Gebiet am Es Trenc soll zu einem Naturschutzgebiet erklärt werden

Am Freitag, den 13.01.17 hat die Balearen-Regierung den lang geplanten Gesetzentwurf, der vor sieht, ein Gebiet am Es Trenc zu einem Naturschutzgebiet zu erklären, an das Parlament abgegeben. Laut Mallorca Zeitung handele es sich hierbei um die endgültige Fassung des Gesetzestextes, der plant, 2.226 Hektar Wasser- und 1.448 Hektar Landfläche rund um den Sandstrand Es Trenc unter Naturschutz zu stellen.

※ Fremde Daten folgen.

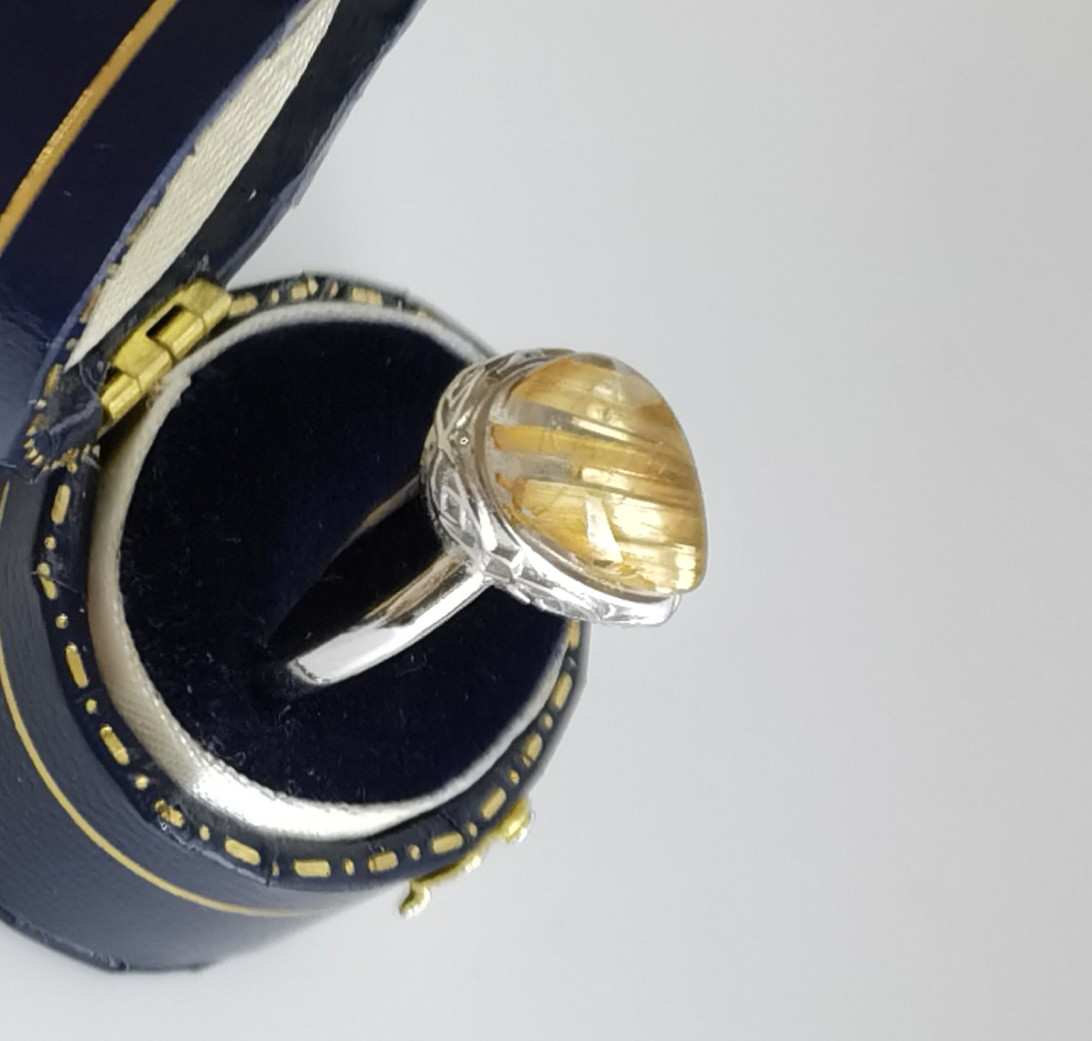 ⤵9800「成功の石」宝石タイチンルチルクオーツ☆silver925リング☆天然石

Im Züge dessen würde laut dem Bericht die Zahl der Parkplätze auf 1.500 reduziert werden. Busse sollen den beliebten Naturstrand weiter anfahren können, um Touristen in das Gebiet zu befördern, auch sollen die Aktivitäten für Besucher am Strand und auf dem Meer nicht eingestellt werden. Verhindert werden soll durch diesen Schritt die Zerstörung und Verschandelung der Umwelt am Es Trenc Strand, der im Sommer von zahlreichen Touristen aufgesucht wird. Schon jetzt ist der Es Trenc Strand einer der letzten Naturstrände der Insel, von Hotelhochburgen blieb das Gebiet bislang verschont.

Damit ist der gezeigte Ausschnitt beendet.